**TASK STATEMENT**
Reproduce exactly the lines below from the one containing "批发法式复古粗花呢短款外套显" through the one containing "Belachime - Charcoal", including both, and nothing else.

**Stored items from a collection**
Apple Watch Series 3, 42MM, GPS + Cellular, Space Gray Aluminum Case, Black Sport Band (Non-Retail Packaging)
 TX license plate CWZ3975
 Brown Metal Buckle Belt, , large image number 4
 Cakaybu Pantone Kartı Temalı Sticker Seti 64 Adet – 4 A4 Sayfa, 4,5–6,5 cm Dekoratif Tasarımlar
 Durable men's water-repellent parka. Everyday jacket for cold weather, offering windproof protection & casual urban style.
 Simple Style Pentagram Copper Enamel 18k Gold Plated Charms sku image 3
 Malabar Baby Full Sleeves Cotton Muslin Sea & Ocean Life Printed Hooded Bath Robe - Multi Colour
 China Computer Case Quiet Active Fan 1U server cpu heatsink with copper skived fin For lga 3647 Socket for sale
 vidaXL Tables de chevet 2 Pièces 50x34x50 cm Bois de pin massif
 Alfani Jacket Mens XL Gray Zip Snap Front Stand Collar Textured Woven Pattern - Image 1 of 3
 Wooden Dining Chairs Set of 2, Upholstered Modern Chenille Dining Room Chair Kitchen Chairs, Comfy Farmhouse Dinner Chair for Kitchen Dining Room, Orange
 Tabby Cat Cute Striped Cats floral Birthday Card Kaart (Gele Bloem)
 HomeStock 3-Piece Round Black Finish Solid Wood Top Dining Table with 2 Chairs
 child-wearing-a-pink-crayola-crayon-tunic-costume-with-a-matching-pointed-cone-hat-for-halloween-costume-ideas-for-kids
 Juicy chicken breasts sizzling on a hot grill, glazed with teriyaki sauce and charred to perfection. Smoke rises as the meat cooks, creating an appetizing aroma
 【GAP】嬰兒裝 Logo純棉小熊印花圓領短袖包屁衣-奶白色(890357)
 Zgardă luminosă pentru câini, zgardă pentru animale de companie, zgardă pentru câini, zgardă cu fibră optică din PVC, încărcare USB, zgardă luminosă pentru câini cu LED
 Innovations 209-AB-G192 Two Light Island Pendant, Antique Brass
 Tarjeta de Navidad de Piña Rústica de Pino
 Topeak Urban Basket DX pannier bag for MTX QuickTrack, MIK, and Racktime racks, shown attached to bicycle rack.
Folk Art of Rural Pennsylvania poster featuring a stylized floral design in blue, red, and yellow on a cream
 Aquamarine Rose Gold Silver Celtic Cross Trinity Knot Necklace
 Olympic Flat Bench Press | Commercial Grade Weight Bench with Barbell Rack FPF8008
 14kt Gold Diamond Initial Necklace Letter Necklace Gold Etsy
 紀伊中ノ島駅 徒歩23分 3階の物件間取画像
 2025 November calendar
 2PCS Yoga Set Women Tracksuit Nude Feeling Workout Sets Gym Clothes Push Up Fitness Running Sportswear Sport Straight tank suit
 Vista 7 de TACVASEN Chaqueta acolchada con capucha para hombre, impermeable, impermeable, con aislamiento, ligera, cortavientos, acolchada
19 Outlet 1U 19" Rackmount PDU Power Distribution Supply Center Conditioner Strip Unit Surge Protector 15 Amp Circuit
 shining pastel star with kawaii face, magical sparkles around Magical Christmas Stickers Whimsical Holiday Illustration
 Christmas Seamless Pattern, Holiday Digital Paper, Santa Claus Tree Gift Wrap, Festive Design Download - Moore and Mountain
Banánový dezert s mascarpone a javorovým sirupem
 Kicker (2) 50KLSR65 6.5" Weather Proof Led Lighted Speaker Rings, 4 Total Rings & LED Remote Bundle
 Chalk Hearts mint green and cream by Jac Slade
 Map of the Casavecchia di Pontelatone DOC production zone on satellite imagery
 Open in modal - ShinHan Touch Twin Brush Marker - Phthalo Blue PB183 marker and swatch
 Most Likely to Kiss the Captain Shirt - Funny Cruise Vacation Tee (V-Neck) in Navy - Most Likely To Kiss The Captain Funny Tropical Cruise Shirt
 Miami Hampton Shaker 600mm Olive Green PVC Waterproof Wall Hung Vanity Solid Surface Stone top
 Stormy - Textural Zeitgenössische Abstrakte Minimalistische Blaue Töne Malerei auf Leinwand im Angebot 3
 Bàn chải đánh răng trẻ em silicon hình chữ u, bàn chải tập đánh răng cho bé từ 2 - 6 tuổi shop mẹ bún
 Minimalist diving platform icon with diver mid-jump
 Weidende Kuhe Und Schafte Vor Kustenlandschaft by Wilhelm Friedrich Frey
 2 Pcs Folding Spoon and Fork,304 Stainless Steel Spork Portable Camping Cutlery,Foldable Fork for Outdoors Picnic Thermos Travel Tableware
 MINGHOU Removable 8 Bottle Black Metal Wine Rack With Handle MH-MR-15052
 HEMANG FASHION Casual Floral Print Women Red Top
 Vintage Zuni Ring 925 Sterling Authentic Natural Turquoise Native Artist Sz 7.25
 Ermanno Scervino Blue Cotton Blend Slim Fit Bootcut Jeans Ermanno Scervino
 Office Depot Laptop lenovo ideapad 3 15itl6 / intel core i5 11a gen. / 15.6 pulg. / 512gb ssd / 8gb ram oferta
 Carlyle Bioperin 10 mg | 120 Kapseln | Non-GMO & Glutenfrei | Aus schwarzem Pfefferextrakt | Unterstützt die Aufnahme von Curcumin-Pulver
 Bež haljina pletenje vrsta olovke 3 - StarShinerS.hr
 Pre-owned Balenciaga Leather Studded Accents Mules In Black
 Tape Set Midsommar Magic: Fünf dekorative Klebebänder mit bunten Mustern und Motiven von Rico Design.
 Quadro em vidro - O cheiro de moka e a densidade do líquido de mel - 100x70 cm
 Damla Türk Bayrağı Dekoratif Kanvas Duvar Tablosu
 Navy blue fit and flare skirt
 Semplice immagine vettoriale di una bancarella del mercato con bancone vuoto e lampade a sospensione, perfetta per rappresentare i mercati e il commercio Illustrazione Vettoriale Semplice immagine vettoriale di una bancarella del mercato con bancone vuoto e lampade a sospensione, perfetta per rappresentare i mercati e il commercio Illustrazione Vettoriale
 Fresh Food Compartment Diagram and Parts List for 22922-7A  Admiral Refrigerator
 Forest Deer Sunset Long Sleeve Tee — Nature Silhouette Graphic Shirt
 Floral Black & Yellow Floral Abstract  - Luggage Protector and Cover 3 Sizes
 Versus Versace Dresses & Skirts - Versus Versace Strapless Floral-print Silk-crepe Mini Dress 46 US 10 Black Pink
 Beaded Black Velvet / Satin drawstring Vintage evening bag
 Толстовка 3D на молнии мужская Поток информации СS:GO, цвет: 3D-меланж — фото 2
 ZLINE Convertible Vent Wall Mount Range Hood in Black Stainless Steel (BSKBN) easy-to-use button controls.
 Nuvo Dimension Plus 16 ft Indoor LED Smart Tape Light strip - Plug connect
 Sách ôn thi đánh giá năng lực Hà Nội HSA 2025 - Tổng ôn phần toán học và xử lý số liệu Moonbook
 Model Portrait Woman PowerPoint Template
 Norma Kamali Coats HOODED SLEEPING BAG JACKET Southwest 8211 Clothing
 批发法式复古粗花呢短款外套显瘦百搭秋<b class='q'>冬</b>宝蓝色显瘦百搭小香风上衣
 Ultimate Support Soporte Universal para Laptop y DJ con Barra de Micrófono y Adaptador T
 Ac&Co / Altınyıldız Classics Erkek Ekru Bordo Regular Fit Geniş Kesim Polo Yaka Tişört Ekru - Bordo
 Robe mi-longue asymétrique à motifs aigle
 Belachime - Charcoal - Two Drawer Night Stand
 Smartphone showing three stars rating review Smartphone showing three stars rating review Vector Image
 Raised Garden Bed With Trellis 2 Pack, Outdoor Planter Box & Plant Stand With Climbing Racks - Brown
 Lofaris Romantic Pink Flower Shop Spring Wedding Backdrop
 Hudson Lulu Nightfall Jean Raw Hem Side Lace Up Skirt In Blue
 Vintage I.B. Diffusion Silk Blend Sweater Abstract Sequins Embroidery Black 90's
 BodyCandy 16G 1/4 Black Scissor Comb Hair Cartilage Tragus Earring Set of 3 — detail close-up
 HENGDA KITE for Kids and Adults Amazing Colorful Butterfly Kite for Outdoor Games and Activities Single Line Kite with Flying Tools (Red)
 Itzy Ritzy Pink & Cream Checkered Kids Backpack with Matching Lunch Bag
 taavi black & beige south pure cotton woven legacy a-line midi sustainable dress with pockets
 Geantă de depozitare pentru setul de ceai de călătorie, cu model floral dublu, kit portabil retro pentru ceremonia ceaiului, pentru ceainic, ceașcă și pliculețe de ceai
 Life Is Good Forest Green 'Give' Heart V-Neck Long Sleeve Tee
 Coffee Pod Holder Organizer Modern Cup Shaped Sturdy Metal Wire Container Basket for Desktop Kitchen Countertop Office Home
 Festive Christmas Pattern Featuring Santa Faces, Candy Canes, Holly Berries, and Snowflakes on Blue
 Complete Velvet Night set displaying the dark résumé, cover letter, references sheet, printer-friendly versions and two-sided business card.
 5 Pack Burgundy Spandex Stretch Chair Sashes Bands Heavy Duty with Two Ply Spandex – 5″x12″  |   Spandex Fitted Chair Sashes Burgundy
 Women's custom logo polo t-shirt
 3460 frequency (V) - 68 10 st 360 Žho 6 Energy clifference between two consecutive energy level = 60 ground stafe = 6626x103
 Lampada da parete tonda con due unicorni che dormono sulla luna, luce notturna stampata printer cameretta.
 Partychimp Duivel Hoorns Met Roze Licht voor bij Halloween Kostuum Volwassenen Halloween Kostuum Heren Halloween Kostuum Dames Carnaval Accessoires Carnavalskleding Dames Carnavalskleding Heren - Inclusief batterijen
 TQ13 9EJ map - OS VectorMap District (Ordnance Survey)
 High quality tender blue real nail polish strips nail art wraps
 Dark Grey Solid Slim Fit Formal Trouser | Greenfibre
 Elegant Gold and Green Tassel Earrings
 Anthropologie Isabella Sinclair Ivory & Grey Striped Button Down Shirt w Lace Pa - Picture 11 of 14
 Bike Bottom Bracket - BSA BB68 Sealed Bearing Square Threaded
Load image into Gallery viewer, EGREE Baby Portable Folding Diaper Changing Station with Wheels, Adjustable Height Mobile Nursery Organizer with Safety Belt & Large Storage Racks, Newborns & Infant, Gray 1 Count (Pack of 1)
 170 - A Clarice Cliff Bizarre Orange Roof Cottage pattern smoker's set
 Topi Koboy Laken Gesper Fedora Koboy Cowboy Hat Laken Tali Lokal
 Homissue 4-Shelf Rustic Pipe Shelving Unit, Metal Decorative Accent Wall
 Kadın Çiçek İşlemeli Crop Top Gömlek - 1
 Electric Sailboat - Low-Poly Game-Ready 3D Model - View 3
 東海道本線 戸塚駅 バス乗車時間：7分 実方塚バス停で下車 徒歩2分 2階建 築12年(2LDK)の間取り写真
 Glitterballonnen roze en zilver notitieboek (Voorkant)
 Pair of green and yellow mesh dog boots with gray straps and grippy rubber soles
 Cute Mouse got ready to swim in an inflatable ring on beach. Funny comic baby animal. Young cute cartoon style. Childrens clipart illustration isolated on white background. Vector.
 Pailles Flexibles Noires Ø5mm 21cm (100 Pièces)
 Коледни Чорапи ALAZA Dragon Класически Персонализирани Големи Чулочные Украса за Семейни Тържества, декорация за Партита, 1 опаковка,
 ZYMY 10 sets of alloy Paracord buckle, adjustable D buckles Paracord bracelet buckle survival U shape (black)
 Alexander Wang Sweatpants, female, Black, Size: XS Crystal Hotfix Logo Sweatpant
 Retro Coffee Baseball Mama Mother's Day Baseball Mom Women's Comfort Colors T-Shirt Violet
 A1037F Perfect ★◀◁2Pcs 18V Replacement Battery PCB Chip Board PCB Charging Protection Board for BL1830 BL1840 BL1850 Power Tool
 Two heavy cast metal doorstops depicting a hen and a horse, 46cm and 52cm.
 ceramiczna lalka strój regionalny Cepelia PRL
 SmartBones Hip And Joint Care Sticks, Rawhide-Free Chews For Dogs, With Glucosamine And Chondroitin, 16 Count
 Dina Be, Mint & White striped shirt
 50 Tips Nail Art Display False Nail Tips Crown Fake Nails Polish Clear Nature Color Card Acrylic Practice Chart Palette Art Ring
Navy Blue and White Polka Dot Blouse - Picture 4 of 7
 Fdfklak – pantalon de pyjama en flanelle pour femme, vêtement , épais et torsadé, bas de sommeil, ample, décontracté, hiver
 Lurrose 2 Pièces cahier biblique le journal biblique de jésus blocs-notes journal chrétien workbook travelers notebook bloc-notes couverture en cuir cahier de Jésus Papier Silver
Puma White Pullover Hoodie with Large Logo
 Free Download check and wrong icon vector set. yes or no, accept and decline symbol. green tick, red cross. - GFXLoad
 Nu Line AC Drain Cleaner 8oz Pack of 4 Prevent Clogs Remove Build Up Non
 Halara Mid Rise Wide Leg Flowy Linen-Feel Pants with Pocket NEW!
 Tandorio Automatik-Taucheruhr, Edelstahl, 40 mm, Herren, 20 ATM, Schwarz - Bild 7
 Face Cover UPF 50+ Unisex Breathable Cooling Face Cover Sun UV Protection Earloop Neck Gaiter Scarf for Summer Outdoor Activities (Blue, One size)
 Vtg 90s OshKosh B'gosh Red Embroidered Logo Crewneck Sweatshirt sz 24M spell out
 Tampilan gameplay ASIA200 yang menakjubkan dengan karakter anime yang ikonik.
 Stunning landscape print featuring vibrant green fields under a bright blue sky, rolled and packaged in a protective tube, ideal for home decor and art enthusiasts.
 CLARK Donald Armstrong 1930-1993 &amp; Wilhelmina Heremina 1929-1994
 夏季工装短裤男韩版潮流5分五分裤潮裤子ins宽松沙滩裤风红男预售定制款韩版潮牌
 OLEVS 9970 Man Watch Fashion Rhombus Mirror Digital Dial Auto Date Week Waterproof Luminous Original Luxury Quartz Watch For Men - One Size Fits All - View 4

**ANSWER**
 批发法式复古粗花呢短款外套显瘦百搭秋<b class='q'>冬</b>宝蓝色显瘦百搭小香风上衣
 Ultimate Support Soporte Universal para Laptop y DJ con Barra de Micrófono y Adaptador T
 Ac&Co / Altınyıldız Classics Erkek Ekru Bordo Regular Fit Geniş Kesim Polo Yaka Tişört Ekru - Bordo
 Robe mi-longue asymétrique à motifs aigle
 Belachime - Charcoal - Two Drawer Night Stand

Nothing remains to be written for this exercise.